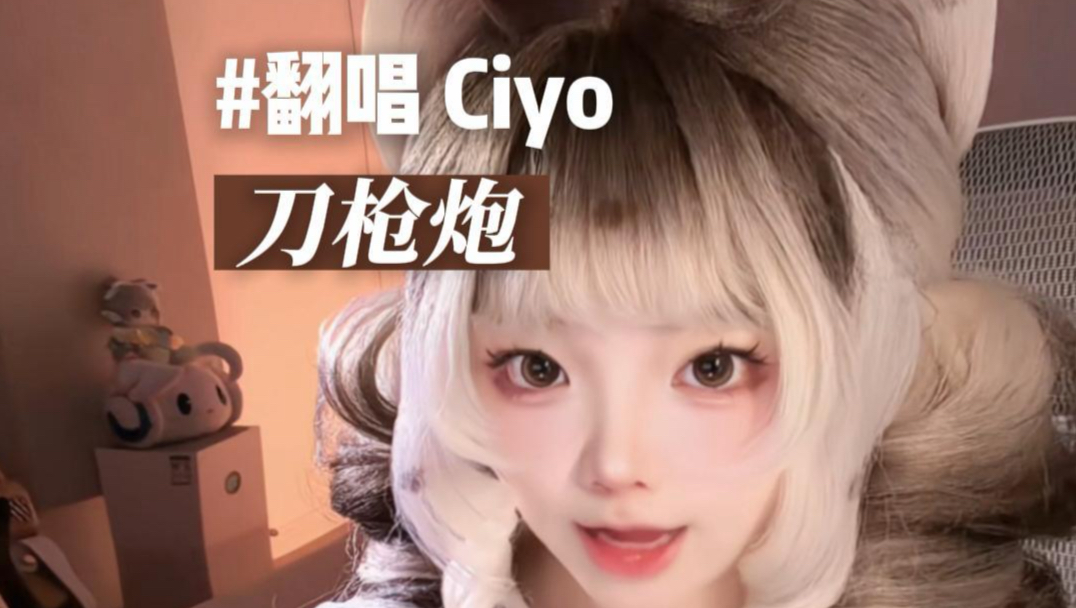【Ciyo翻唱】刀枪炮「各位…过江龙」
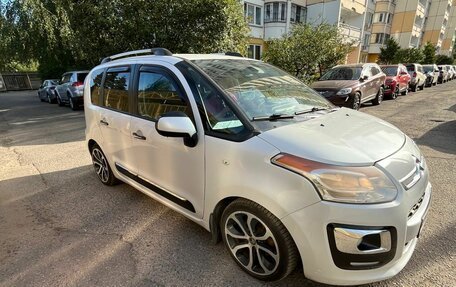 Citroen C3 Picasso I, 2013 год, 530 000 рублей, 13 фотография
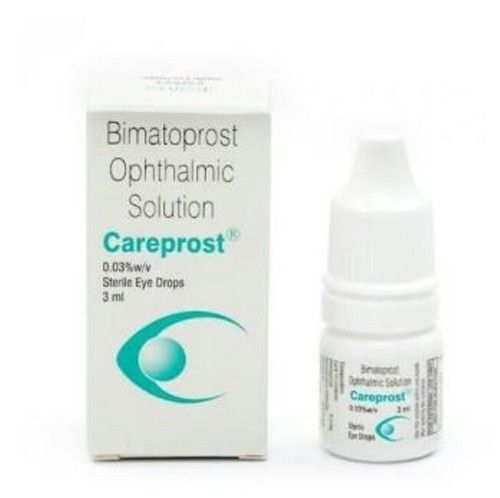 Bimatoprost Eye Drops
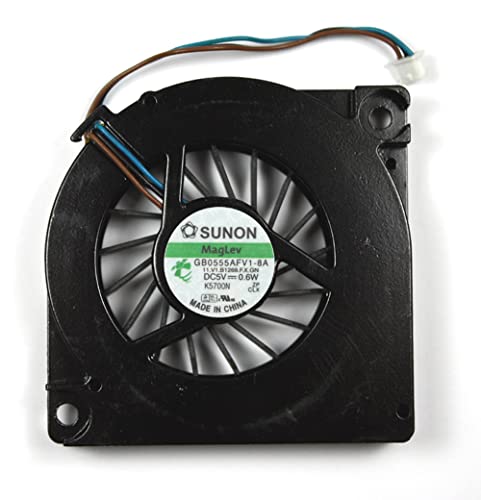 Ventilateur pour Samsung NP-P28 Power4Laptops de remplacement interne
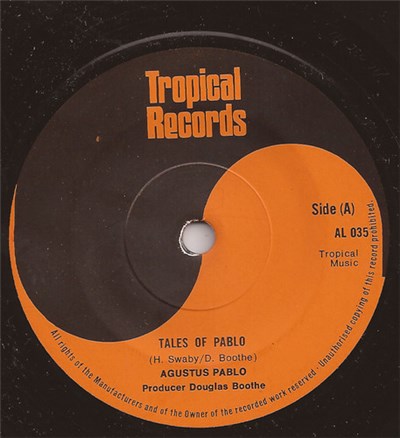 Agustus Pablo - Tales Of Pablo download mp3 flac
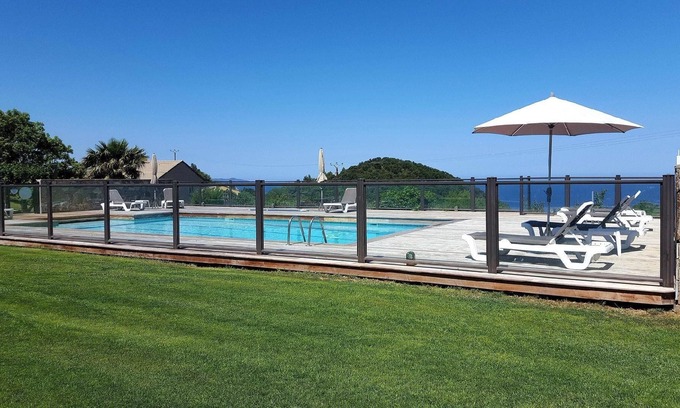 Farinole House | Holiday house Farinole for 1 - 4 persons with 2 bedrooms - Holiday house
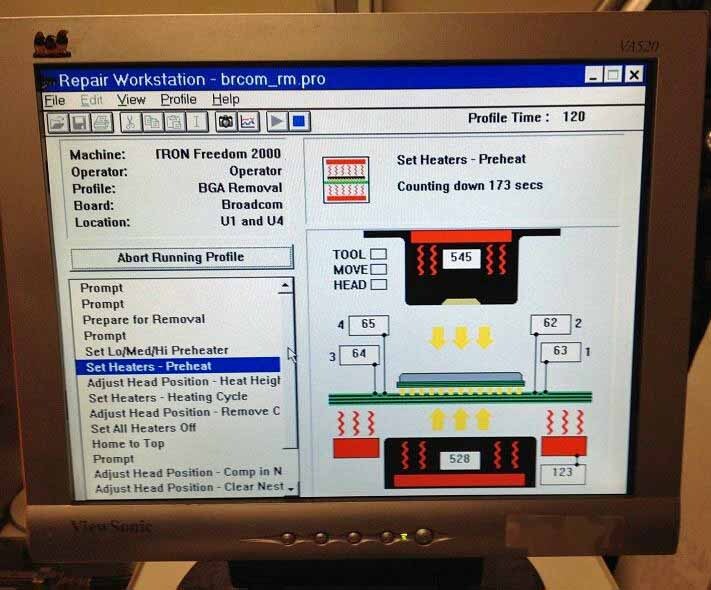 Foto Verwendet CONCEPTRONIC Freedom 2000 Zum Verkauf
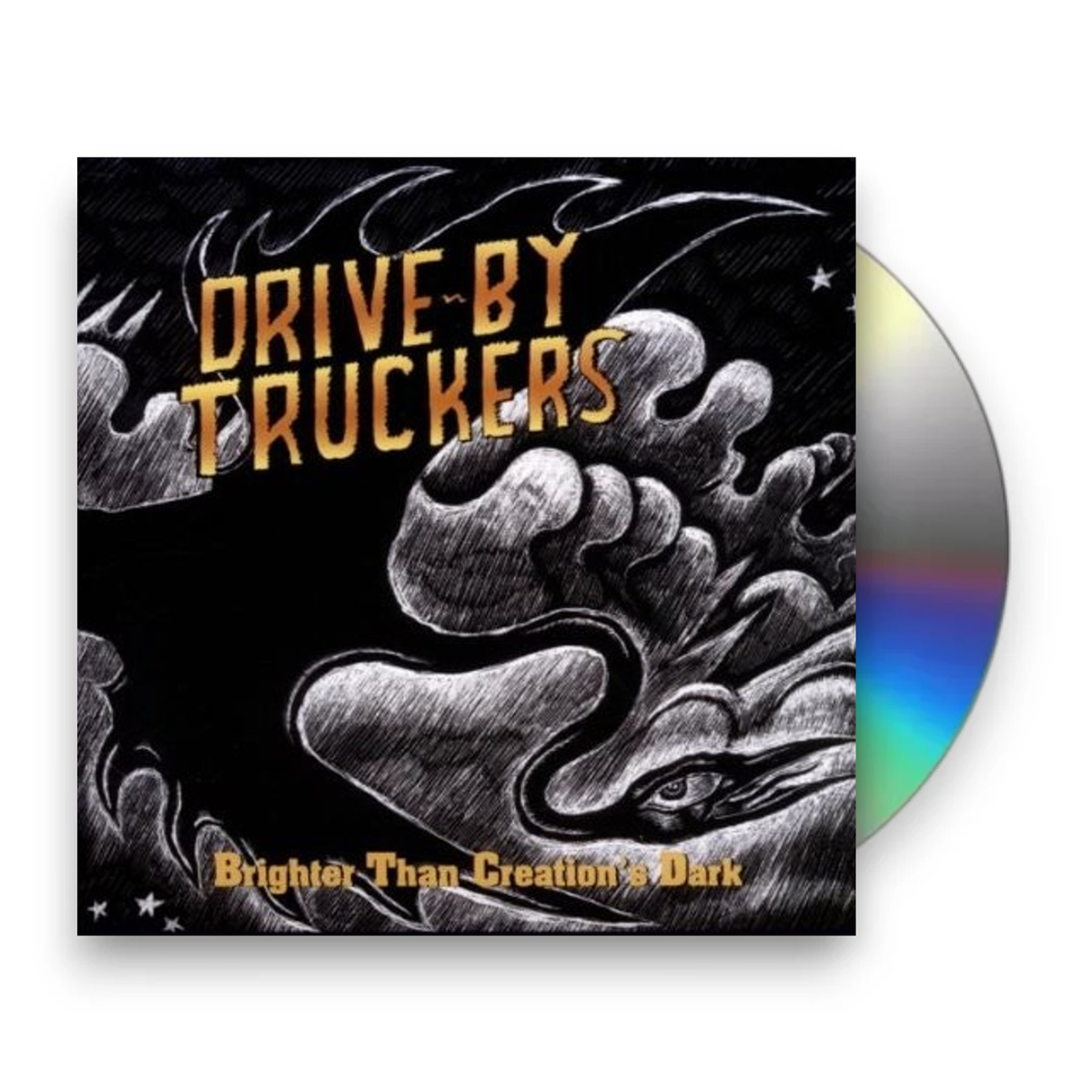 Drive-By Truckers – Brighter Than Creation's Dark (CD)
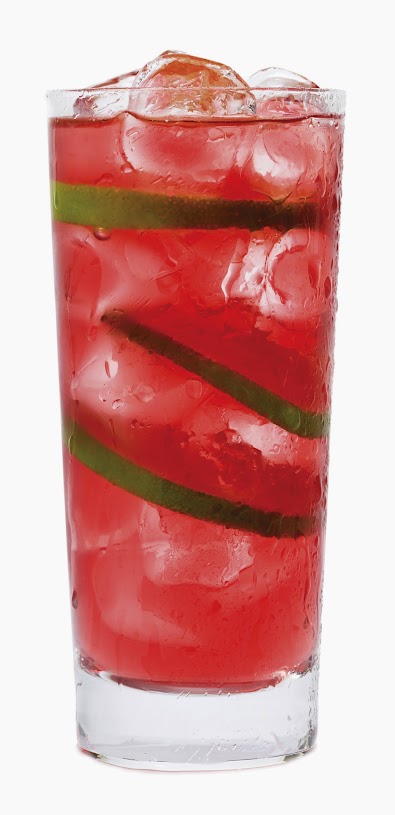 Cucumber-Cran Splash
==
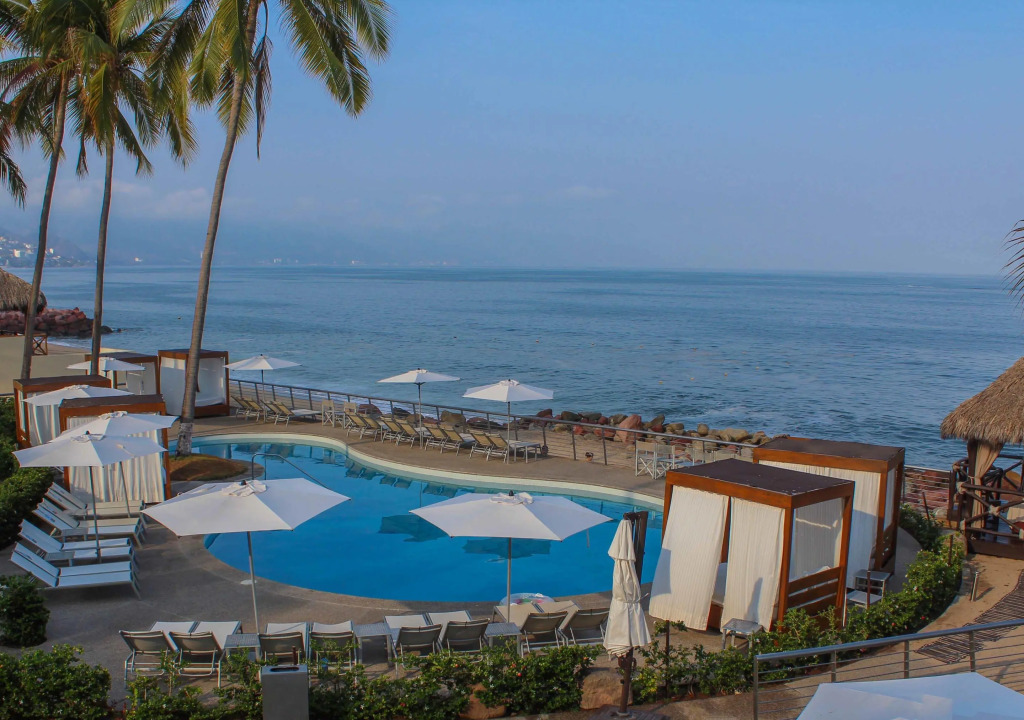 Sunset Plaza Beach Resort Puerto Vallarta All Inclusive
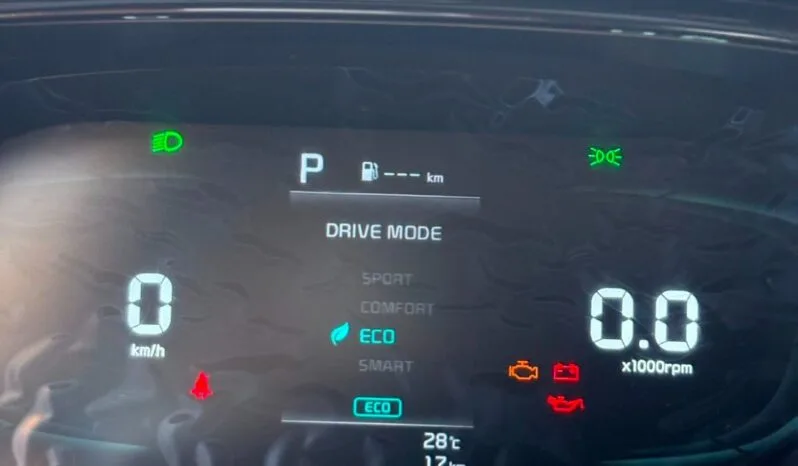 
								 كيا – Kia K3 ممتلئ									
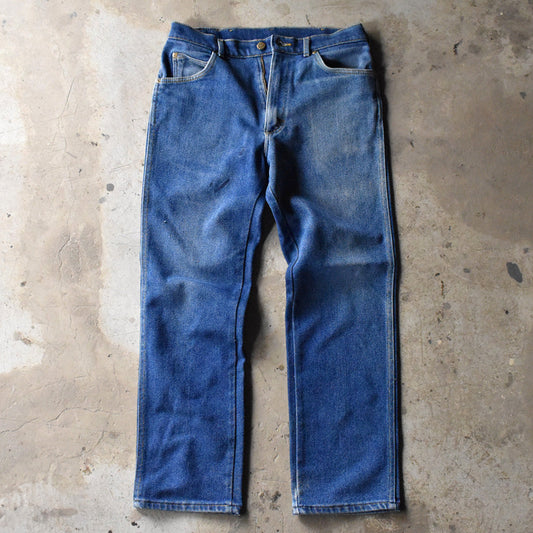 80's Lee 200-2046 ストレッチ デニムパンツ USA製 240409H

TASK REQUIREMENTS
Your answer should be the lines above, word for word, from the line with "Bimatoprost Eye Drops" through the line with "Foto Verwendet CONCEPTRONIC", minus the pictures.

FINISHED TASK
 Bimatoprost Eye Drops
 Ventilateur pour Samsung NP-P28 Power4Laptops de remplacement interne
 Agustus Pablo - Tales Of Pablo download mp3 flac
 Farinole House | Holiday house Farinole for 1 - 4 persons with 2 bedrooms - Holiday house
 Foto Verwendet CONCEPTRONIC Freedom 2000 Zum Verkauf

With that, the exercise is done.